> [WHAT THE TASK REQUIRES]:
Search the records for the string "Stock". Copy each line where it occurs.

> [MATERIAL TO PROCESS]:
=== Section Start ===

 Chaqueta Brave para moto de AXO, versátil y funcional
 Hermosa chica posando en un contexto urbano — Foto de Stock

=== Section End ===
=== Section Start ===

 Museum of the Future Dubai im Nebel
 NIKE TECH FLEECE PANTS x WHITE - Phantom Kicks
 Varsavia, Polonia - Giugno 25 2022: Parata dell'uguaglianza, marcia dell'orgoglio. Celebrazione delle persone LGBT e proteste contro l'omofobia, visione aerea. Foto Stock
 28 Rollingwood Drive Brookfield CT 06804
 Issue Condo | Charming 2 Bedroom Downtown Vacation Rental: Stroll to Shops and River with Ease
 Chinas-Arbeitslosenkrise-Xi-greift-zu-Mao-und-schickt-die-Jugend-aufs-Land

=== Section End ===
=== Section Start ===

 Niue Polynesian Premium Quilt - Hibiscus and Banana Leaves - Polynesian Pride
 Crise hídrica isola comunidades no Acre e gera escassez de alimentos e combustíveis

=== Section End ===

> [OUTPUT FOR THIS EXERCISE]:
 Hermosa chica posando en un contexto urbano — Foto de Stock
 Varsavia, Polonia - Giugno 25 2022: Parata dell'uguaglianza, marcia dell'orgoglio. Celebrazione delle persone LGBT e proteste contro l'omofobia, visione aerea. Foto Stock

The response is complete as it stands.